5 Things Your Favorite Band Does to Exploit You
Overzealous fans can be an endless source of income for a successful band. Musicians and record labels alike are well aware of this and aren't above exploiting it at every opportunity that presents itself. Whether it's the doing of the actual artist or just corporate music shenanigans that are out of their hands, the fact remains, when the music industry decides to sink their teeth in, the ones who get bled are usually the most loyal supporters. Here are a few ways it happens ...
Fan Club Presale Tickets
Is there a less "cool" group of musicians you can publicly admit to enjoying than Fleetwood Mac? Yes, the Eagles and/or Nickelback, but that's about it. And to that I say, whatever kids, Tusk is the shit, and Lindsey Buckingham is probably the most underrated guitar player on the planet, as you can watch him prove for damn near six solid minutes starting at the 3:23 mark of this video:
So when Fleetwood Mac announced in 2003 that they'd be touring for the first time in years, I wanted to be there. After investigating the matter on Ticketmaster, I found that tickets were available to "fan club" members two days early. With that information in hand, I quickly assembled my stockpile of Fleetwood Mac CDs so I could remove the proof of purchase codes I figured I'd have to mail in to become a member. The last time I'd dealt with a transaction of this nature, G.I. Joe Flag Points were the currency of choice. How much different could this be?
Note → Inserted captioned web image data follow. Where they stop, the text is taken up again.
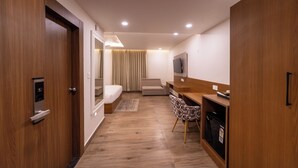 A modern hotel room with a wooden floor, a bed, a desk with a chair, a TV, and a wardrobe. - EcoXpress Satva Varanasi - Vegetarian with all Options (Varanasi)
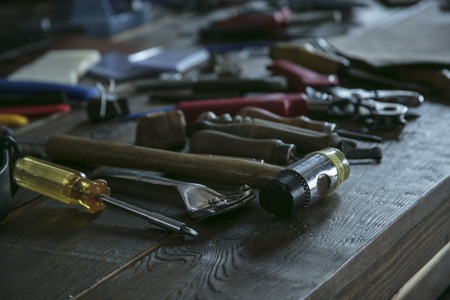 Tools for leather working on wooden table. Toolkit for leather workerの写真素材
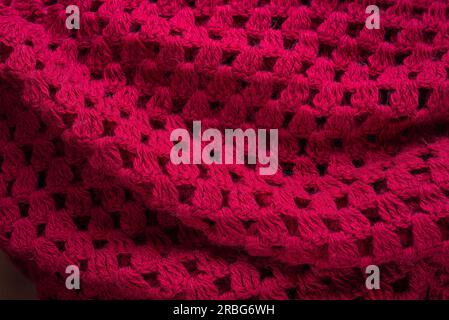 Soft pieghe di un caldo rosso maglia poncho di lana per essere utilizzate come sfondo Foto Stock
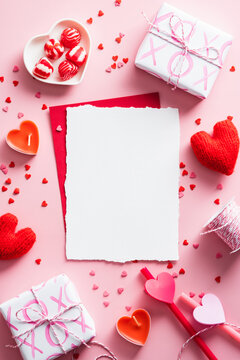Vertical Valentines Day background with blank paper card mockup, gifts, red hearts, confetti on pink.
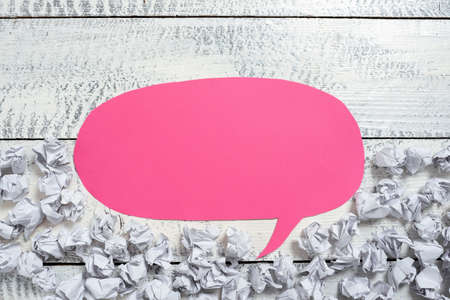 Speech Bubble On Floor With Important Information Written In With Paper Wraps Underneath. Dialogue...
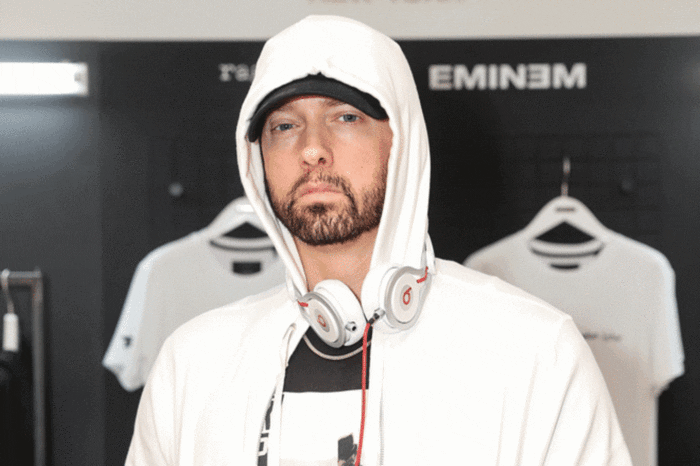 Eminem Takes On The Dolly Parton Challenge With This Controversial Grindr Photo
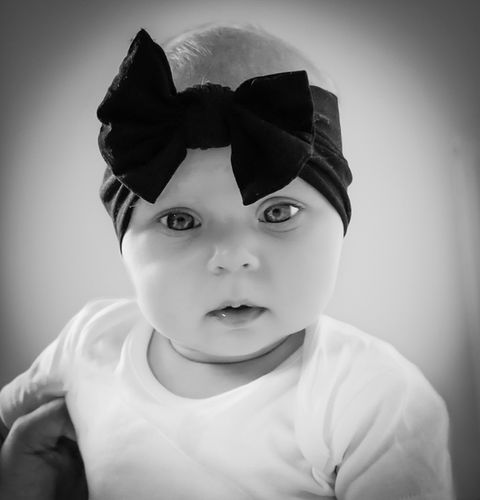 Baby girl in a white vest and black bow on her head, sat upright looking directly at the camera.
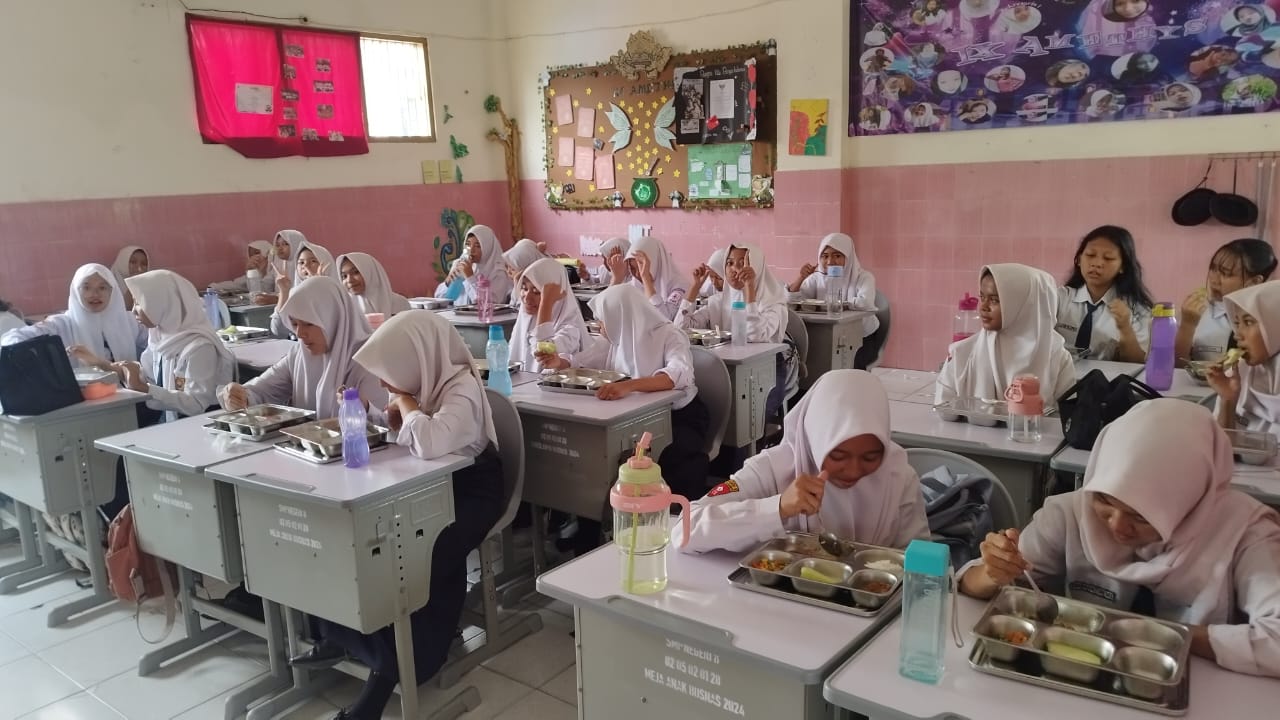 DIBERHENTIKAN: Siswa SMPN 8 Mojokerto saat menikmati MBG yang dibagikan beberapa waktu lalu. Awal Januari ini, operasional SPPG di kota diinstruksikan mandek sementara.
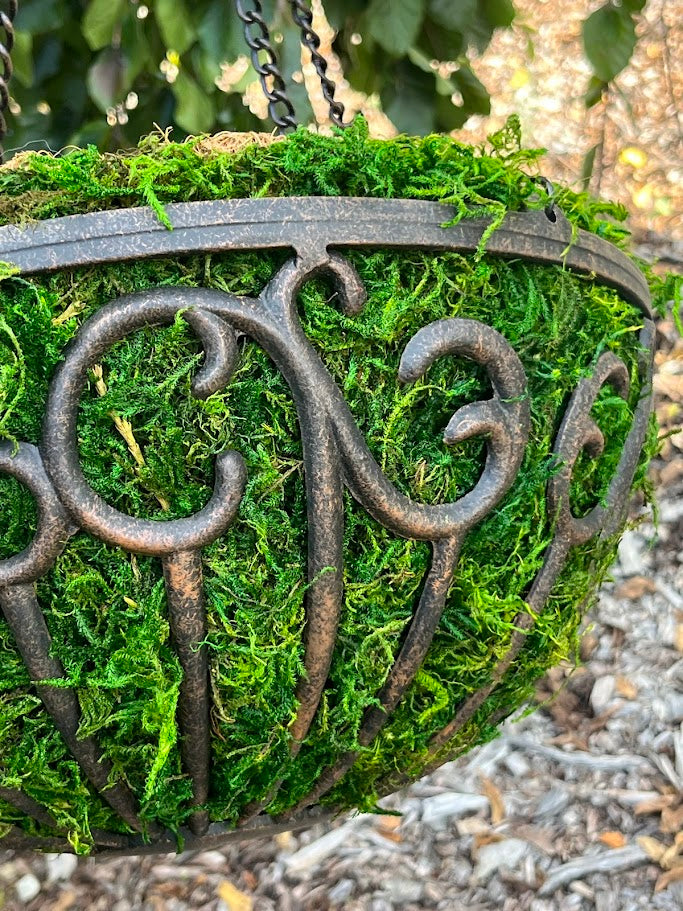 Decorative metal hanging planter with moss on a natural background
These spent like money in the '80s.
The answer was "a lot different," as it turned out. Joining the Fleetwood Mac fan club required a yearly membership fee of $79.95, an investment that was rewarded with the following:
-Advance news and concert notification
-Advance ticket purchase options
-Insider news
-Audio, video and photo exclusives
In other words, you didn't get shit except the right to buy some of the most expensive concert tickets on earth a couple days early. I didn't sign up, because I'm not stupid, and to their credit, Fleetwood Mac fans revolted so vehemently that the fan club was eliminated altogether.
That doesn't mean shenanigans like this have stopped happening, though. Plenty of bands, like the Who, for example, still offer up absurdly priced fan club memberships to anyone "dedicated" enough to pay the $50 annual fee.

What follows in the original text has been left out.